**WHAT TO PRODUCE:** When you reach the line that contains "Man modeling black", give it back exactly along with each line after it to the end of the entries; skip any pictures.

· · ·

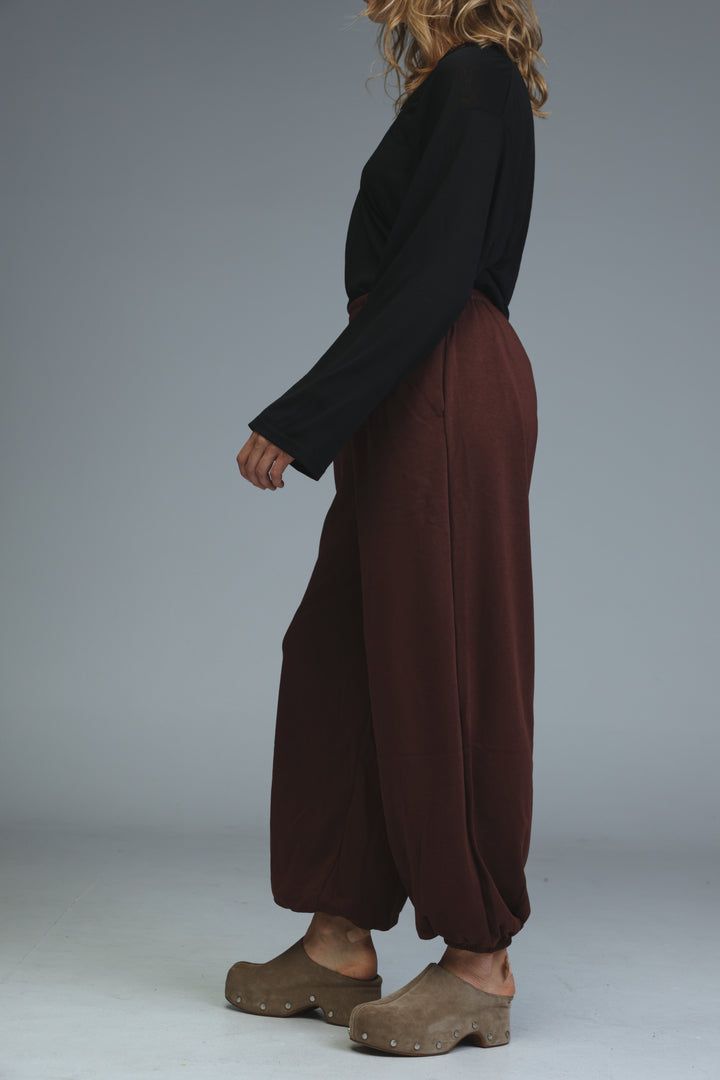 Brown joggers with wide-leg relaxed silhouette and elasticated cuffs shown from the front view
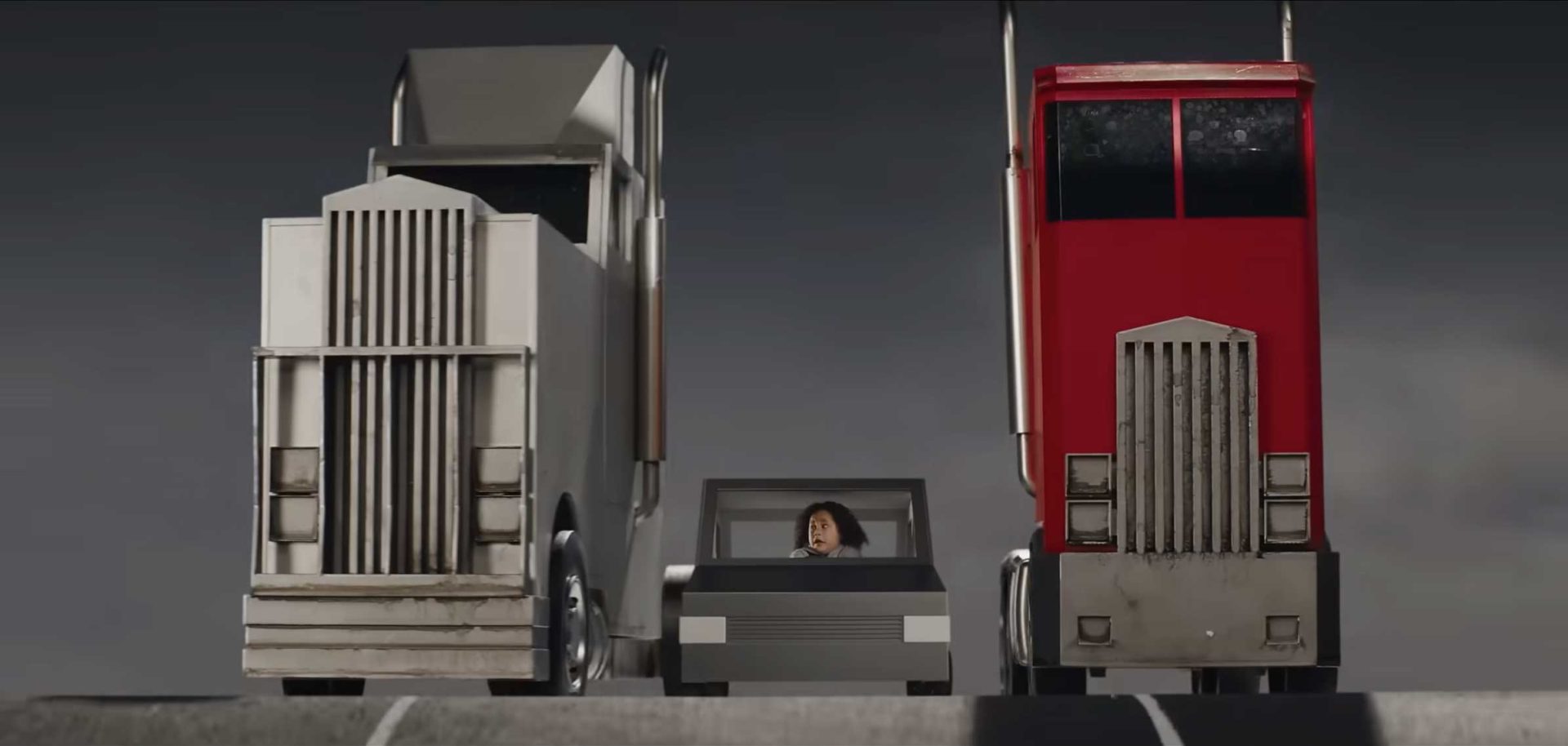 A person in a small gray car, perhaps contemplating whether to call AA Insurance, looks up nervously while driving between a large white truck on the left and a massive red truck on the right under a gray sky—a scene evocative of Joel Kefali’s cinematic style. Frame from Stash Magazine article.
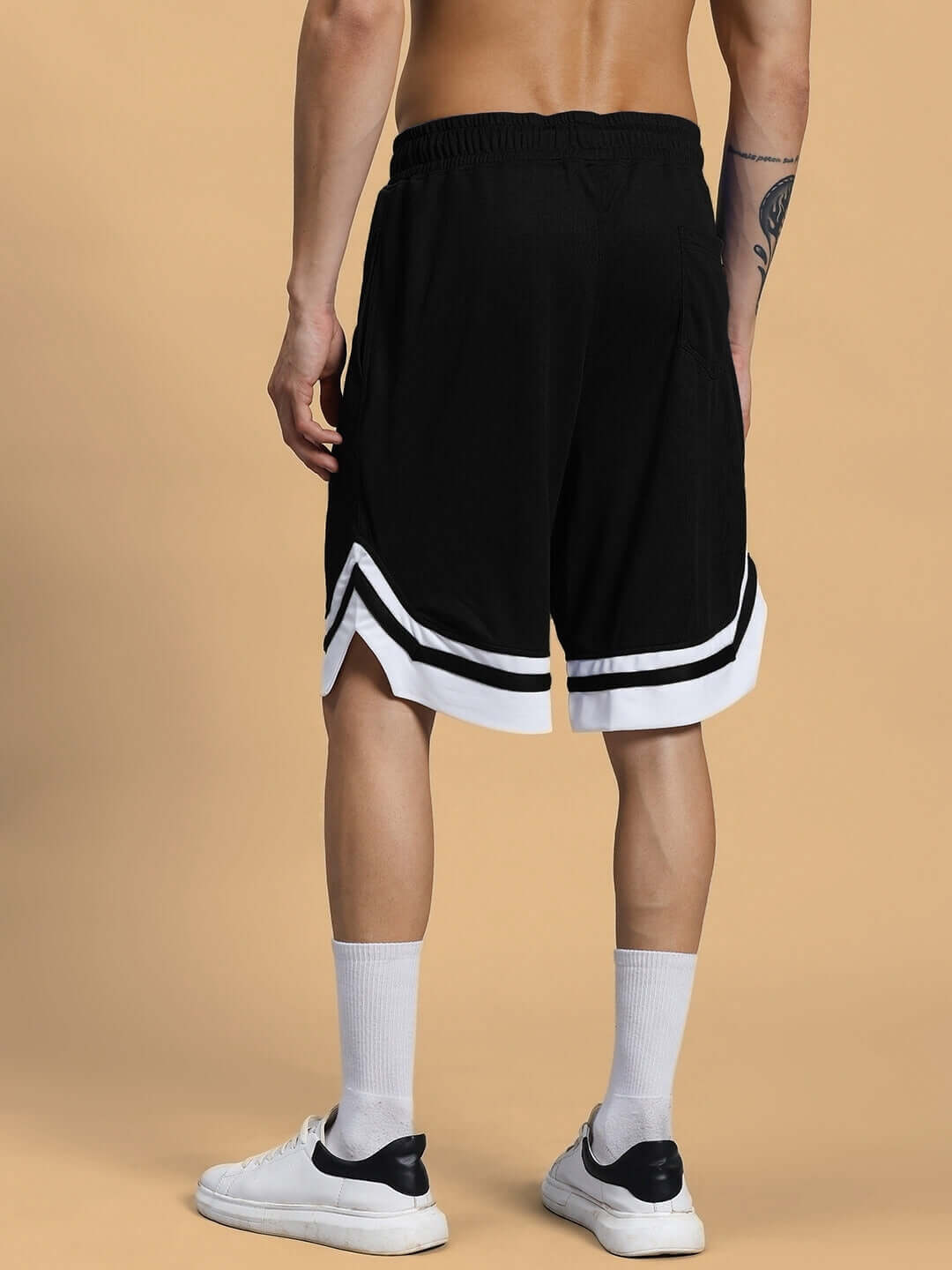 Man modeling black regular fit customizable shorts with white stripes, showcasing rear view for CHANGE YOUR LOOKS collection.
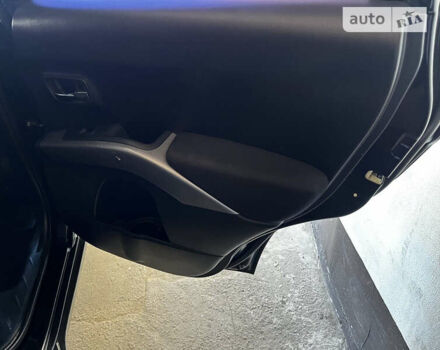 Чорний Міцубісі Аутлендер, об'ємом двигуна 2.4 л та пробігом 240 тис. км за 8800 $, фото 24 на Automoto.ua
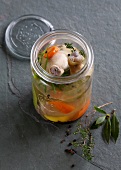 Chicken with vegetables and broth in jar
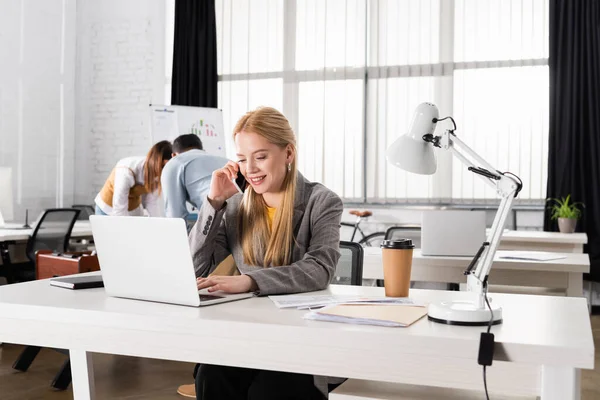 Femme d'affaires souriante parlant sur smartphone près d'un ordinateur portable et café pour aller au bureau — Photo de stock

· · ·

**RESPONSE TO THIS EXERCISE:**
 Man modeling black regular fit customizable shorts with white stripes, showcasing rear view for CHANGE YOUR LOOKS collection.
 Чорний Міцубісі Аутлендер, об'ємом двигуна 2.4 л та пробігом 240 тис. км за 8800 $, фото 24 на Automoto.ua
 Chicken with vegetables and broth in jar
 Femme d'affaires souriante parlant sur smartphone près d'un ordinateur portable et café pour aller au bureau — Photo de stock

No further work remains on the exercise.